Inquietanti domande sono rimbalzate sulla stampa e in radio-televisione da parte di giornalisti italiani e stranieri: sciatteria, incuria o difettosa costruzione da parte di imprenditori? V’è chi ha rilevato che, in Italia, costruttori disonesti (non solo di strade), possono confidare in un ordinamento giuridico particolarmente favorevole alla frode. Con una serie di presunti ostacoli alla concessione di licenze e di autorizzazioni si sostiene di combattere la corruzione, ma in realtà la si alimenta: gli intoppi burocratici sono agevolmente superati da “mazzette” date, sottobanco, a funzionari corrotti. Inoltre, la nostra Costituzione, a differenza di quella degli Stati non proprio indulgenti con i rei, è ispirata al principio dell’emenda, idest del perdono dei reprobi che in carcere diano prova di buona condotta. E nei Paesi “misericordiosi” non è facile da combattere la corruzione, che anzi è alimentata dai pannicelli caldi di processi che finiscono con il generare soltanto bolle di sapone.
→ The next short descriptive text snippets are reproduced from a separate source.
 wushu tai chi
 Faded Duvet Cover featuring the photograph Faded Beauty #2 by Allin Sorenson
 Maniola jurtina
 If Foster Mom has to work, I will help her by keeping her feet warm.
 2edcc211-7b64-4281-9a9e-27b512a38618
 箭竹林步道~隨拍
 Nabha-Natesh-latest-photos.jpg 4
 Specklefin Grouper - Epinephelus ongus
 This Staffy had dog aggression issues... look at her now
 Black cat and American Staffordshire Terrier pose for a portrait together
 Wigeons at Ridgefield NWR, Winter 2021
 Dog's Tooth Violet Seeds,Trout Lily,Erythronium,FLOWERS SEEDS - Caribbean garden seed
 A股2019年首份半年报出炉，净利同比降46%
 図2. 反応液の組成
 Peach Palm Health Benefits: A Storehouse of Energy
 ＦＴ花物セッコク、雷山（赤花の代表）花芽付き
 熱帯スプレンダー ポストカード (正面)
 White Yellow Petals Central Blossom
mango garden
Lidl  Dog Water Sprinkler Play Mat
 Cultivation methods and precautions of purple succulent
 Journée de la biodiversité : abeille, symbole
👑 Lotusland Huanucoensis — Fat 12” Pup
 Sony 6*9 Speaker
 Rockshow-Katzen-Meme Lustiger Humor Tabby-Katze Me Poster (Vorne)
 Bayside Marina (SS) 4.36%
Purtroppo, i ponti “a rischio di perdita di staticità” continueranno a essere costruiti soprattutto per effetto dell’alibi dei pochissimi soldi che l’Unione Europea ci consente di dedicare agli investimenti anche in materia di appalti. E ciò, a causa delle misure d’austerità e dell’obbligo di pareggio del bilancio statale. I soldi dei contribuenti dell’Unione Europea sembrano destinati a garantire soprattutto l’eventuale default delle banche che danno mutui a imprese europee claudicanti e il sostegno alle organizzazioni non governative che curano il traffico dell’immigrazione, utile alle stesse imprese per pagare più agevolmente (per il basso costo della mano d’opera) i ratei del credito loro concesso.
Tutt’altro che campato in aria sembra il sospetto che l’Unione Europea, fiduciaria e longa manus dei finanzieri di Wall Street e della City (secondo una teoria piuttosto diffusa), dopo avere somministrato ai suoi Stati-Membri un’abbondante assunzione di “droghe” economiche (Euro da inghiottire con dosi d’acqua diverse da Paese a Paese, Trattato di Maastricht con la creazione di una Banca Europea, intrusioni costituzionali negli aspetti vitali del bilancio degli Stati e via dicendo) sia stata considerata, in ambienti poco corrivi, una madre generosa per alcuni “figli” prediletti dell’Euro-continente e pessima per altri, considerati “figliastri” e trattati, conseguentemente, in maniera diversa.
Restando in metafora, i tecnocrati di Bruxelles avrebbero consegnato del “cor di Federico ambo le chiavi” a francesi e tedeschi, lasciando in balia dei medesimi Paesi, bocconi ghiotti come l’Italia, un tempo grande potenza industriale e commerciale del mondo (prima, cioè, dell’assunzione delle droghe). Naturalmente, alcuni risultati dell’ingiustizia subita dal Bel Paese si sono visti subiti; altri sono ancora in fieri.
L’iper-commercio è passato in mano francese e gli Italiani, abituati a fare la spesa nei locali di Standa, Upim e via dicendo, si sono riversati nei centri commerciali Auchan, Carrefour, Leroy Merlin oltre che nelle boutique del lusso (italiane nel marchio, ma francesi nella proprietà) senza troppi traumi. Così come si apprestano, con animo lieto, a volare Lufthansa, sufficientemente stanchi della “storia senza fine” dell’Alitalia e dei costosi, ipotizzati salvataggi, puntualmente mancati, perché rivelatisi inadeguati e inutili.
Sarà agevole per gli abitanti dello Stivale (tranne che per i lavoratori che perderanno il posto) anche rinunciare ad acciaio e siderurgia, le cui industrie sono ritenute, dai padroni del Pianeta poco adatte alle nostre bellezze paesaggistiche oltre che (ma ciò è taciuto) dannosamente concorrenti con l’industria pesante franco-tedesca! Come della nota filastrocca, i discendenti dell’antica civiltà “greco-romana”, divenuta in forza del verbo religioso “giudaico-cristiana”, ritenendo blasfema la protesta contro le prepotenze di banche che sono (almeno) prevalentemente ebraiche o vaticane cantano in coro: Tutto va ben, madama la Marchesa!
Peccato, però, che qualcosa, ogni tanto turba la melodiosa cantilena: come il crollo di un viadotto.